Parolin afirmou que a harmonia entre os povos permanece como uma “promessa fundamental” da União Europeia e um “claro compromisso internacional” da Igreja.
A dignidade humana como fundamento
O secretário de Estado do Vaticano destacou ainda que os valores que sustentam a convivência civil europeia possuem raízes profundas na tradição cristã do continente.
Entre esses princípios, enfatizou especialmente a defesa da dignidade humana.
“Entre eles está, em primeiro lugar, a afirmação da dignidade humana, que é inviolável e deve ser sempre protegida em todas as fases da vida”.
Ao concluir seu pronunciamento, o cardeal renovou a disposição da Santa Sé em colaborar com as instituições europeias na promoção da paz e da fraternidade entre os povos.
Parolin declarou que a Igreja deseja caminhar ao lado das lideranças europeias para serem “juntos artífices da paz”.
Reconhecimento inédito da União Europeia
A Ordem Europeia do Mérito foi criada no contexto das comemorações pelos 75 anos da Declaração Schuman, considerada um marco fundador da integração europeia moderna.
A proposta apresentada por Robert Schuman em 1950 deu origem à Comunidade Europeia do Carvão e do Aço, iniciativa que mais tarde evoluiu para a atual União Europeia.
O prêmio concedido ao cardeal Parolin é considerado o primeiro reconhecimento desse tipo promovido oficialmente por uma instituição da União Europeia.

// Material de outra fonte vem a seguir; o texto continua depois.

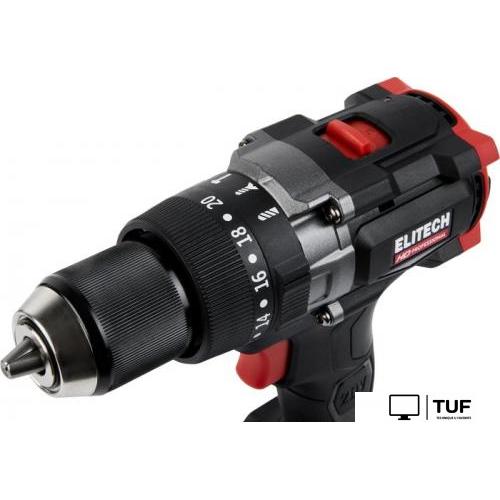 Ударная дрель-шуруповерт ELITECH CD 20BL2 E2201.042.01 (с 1-им АКБ, кейс)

Além do representante da Santa Sé, outras personalidades internacionais também foram homenageadas, entre elas:
Angela Merkel, ex-chanceler da Alemanha
Lech Wałęsa, ex-presidente da Polônia
Aníbal Cavaco Silva, ex-presidente e ex-primeiro-ministro de Portugal
O significado da homenagem para a Igreja
A presença do cardeal Parolin entre os homenageados evidencia o papel diplomático e humanitário desempenhado pela Santa Sé nas relações internacionais.
Em tempos de polarização, guerras e crises sociais, a Igreja continua reafirmando a necessidade do diálogo, da defesa da vida humana e da construção da paz baseada na justiça e na dignidade da pessoa.

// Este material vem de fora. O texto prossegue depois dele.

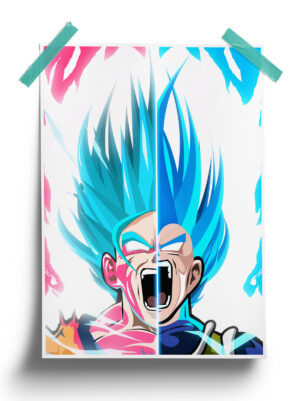 Dragon Ball | Goku x Vegeta anime Poster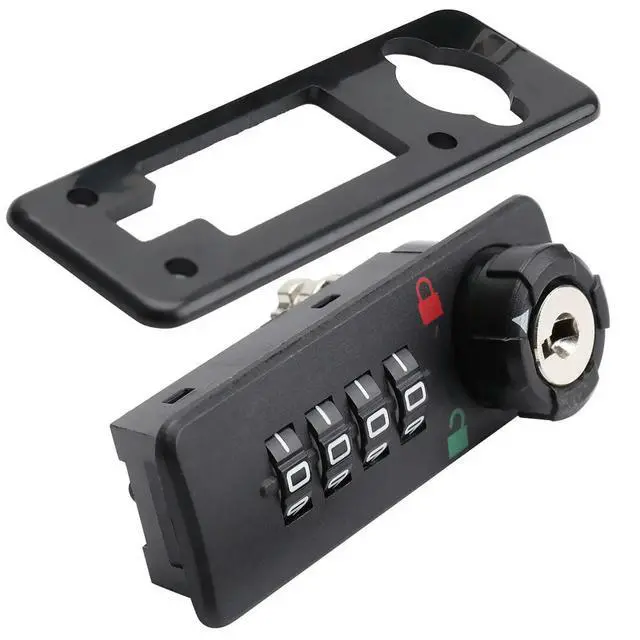 Alt view image 2 of 3 - 4 Digit Digital Password Lock Sturdy Plastic Coded Lock for Cabinet Drawer Cupboard Locker Toolbox Boat Rv Mailbox Secure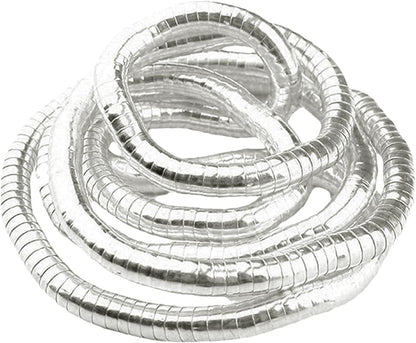 FLESSIBILE CATENA A SERPENTE | ARGENTO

O pronunciamento do secretário de Estado do Vaticano reforça também a visão da Santa Sé de que a política e as instituições internacionais devem estar a serviço da pessoa humana, especialmente dos mais vulneráveis.
Ao recordar as raízes cristãs da Europa, Parolin destacou que a verdadeira unidade não nasce apenas de interesses econômicos ou estratégicos, mas da capacidade de reconhecer o valor inviolável de cada vida humana.
Em meio aos desafios contemporâneos, a mensagem levada ao Parlamento Europeu ecoa como um convite à responsabilidade coletiva: construir uma cultura de paz que vá além dos discursos e se traduza em ações concretas de solidariedade, diálogo e defesa da dignidade humana.